Some interesting results.  We are consistently seeing longer login times and application launch times.  2/3 of the environments have lower user counts on the unpatched servers with the Citrix load balancing making that determination.  The one environment that had more users on the mitigation servers are actually our least loaded servers in terms of servers per host and users per server, so it’s possible that more users would drive into a gap, but as of now it shows that one of our environment can support an equal number of users.

Examining this view and the historical data presented I encountered oddities — namely the CPU utilization seemed to be fairly even more often than not, but the hosts view showed greater separation between the machines with mitigation and without.  I started to explore why and believe I may have come across this issue previously.

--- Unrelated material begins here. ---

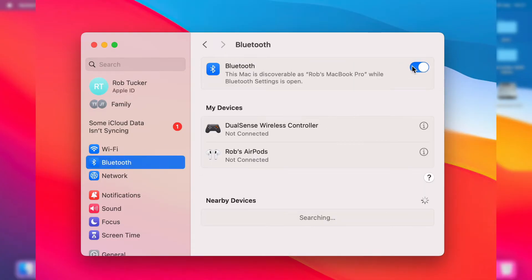Switch on Bluetooth like this. Then get your Bluetooth device, turn it on, and put it into pairing mode.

2008R2-era servers have less accurate reporting of CPU utilization.

I believe this is also the API that ControlUp is using with these servers to report on usage.  When I was examining a single server with process explorer I noticed a *minimum* CPU utilization of 6%, but task manager and ControlUp would report 0% utilization at various points.  The issue is an accuracy, adding and rounding issue.  The more users on a server with more processes and those processes consuming ever so slightly CPU, the more the inaccuracy.  Example:

Left, Task Manager. Right, Process Explorer

We have servers with hundreds of users utilizing a workflow like this where they are using just a fraction of a percent of CPU resources.  Taskmanager and the like will not catch these values and round *down*.  If you have 100 users using a process that consumes 0.4% CPU then our inaccuracy is in the 40% scale!  So relying on the VM metrics of ControlUp or Windows itself is not helpful.  Unfortunately, this destroys my ability to capture information within the VM, requiring us to solely rely on the information within VMWare.  To be clear, I do NOT believe Windows 2012 R2 and greater OS’s have this discrepancy (although I have not tested) so this issue manifests itself pretty viciously in the XenApp 6.5 -era servers.  Essentially, if Meltdown is increasing CPU times on processes by a fraction of a percent then Windows will report as if everything is ok and you will probably not actually notice or think there is an issue!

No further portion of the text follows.